# [PROVIDED DATA]
[Start of section]

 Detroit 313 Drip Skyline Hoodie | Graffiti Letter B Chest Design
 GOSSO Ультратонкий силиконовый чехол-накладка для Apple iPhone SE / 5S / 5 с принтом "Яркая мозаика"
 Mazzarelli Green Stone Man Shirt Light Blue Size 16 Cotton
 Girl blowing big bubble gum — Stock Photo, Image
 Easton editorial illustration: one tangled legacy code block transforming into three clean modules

[End of section]
[Start of section]

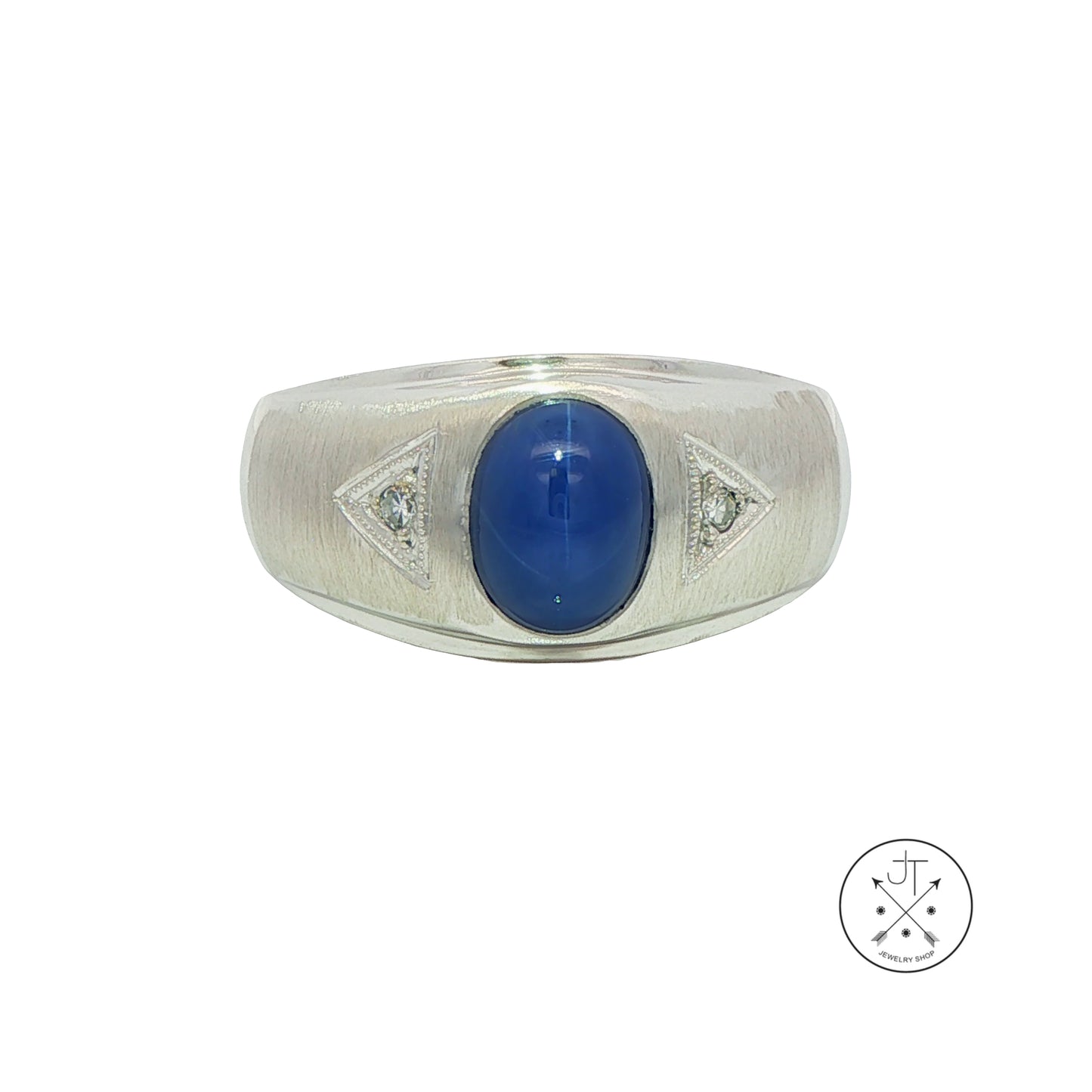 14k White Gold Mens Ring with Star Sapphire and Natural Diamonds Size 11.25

[End of section]

# [PROBLEM TO SOLVE]
Please make an exact copy of the lines above from the line with "Detroit 313 Drip" through the line with "Easton editorial illustration: one", both ends included.

# [FINISHED TASK]
 Detroit 313 Drip Skyline Hoodie | Graffiti Letter B Chest Design
 GOSSO Ультратонкий силиконовый чехол-накладка для Apple iPhone SE / 5S / 5 с принтом "Яркая мозаика"
 Mazzarelli Green Stone Man Shirt Light Blue Size 16 Cotton
 Girl blowing big bubble gum — Stock Photo, Image
 Easton editorial illustration: one tangled legacy code block transforming into three clean modules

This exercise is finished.